Mr Spicer has referenced a terror attack in Atlanta by someone who entered the country from overseas. He’s now made the reference at least three times in recent weeks.
The last high-profile terror attack in Georgia’s capital took place 21 years ago by a right-wing terrorist from Florida. The man was not foreign-inspired, but rather someone who was upset over abortion and homosexuality.
Mr Spicer first mentioned the attack on January 29 while defending president Trump’s travel ban on seven majority Muslim countries. "What do we say to the family who loses somebody over a terroristic, (sic) to whether it's Atlanta or San Bernardino or the Boston bomber? Those people, each of whom had gone out to a country and then come back," he told ABC’s This Week.
The following day, he defended the ban on MSNBC’s Morning Joe.
"There was a very short period of time in which we had something to execute that ensured that the people of the United States were safe.

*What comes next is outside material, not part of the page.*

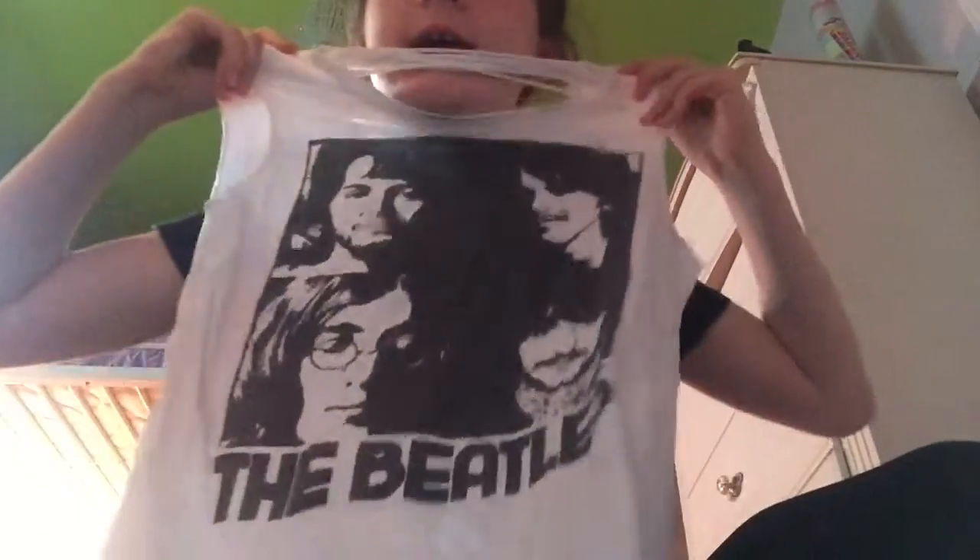Next up is my all-time favorite band. You guessed it — the Beatles. It has all the Beatles on it, it says 'The Beatles', and on the back it's just cut out. Really cute. I love the Beatles.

Everybody's been protected," he said on the programme. "What happened if we didn't act and somebody was killed? Too many of these cases that have happened -- whether you're talking about San Bernardino, Atlanta, Boston… would you wait until you do? The answer is we act now to protect the future."
And on January 30, he told reporters in his daily briefing why some countries linked to terror attacks were omitted from the travel ban.
"Right, and we're reviewing the entire process over this period of time to make sure that we do this right,” he said. “But I don't think you have to look any further than the families of the Boston Marathon, in Atlanta, in San Bernardino to ask if we can go further."
Mr Spicer’s comments were first reported by The Daily Beast.
It’s unclear exactly what instance Mr Spicer is referring to, and Atlanta police spokesperson Elizabeth Espy told CNN that the department is unaware of any recent terror attacks. She told the network that the “last known terrorist attack in the state was 1996 in which Eric Rudolph was implicated,” she explained. "We have no record of an Islamic attack in the City of Atlanta."
The comments follow White House counselor Kellyanne Conway’s false comments that a terror attack took place in Bowling Green, Kentucky. She later apologised for her comments on CNN: "I regretted it tremendously," she said. "I felt really badly about that."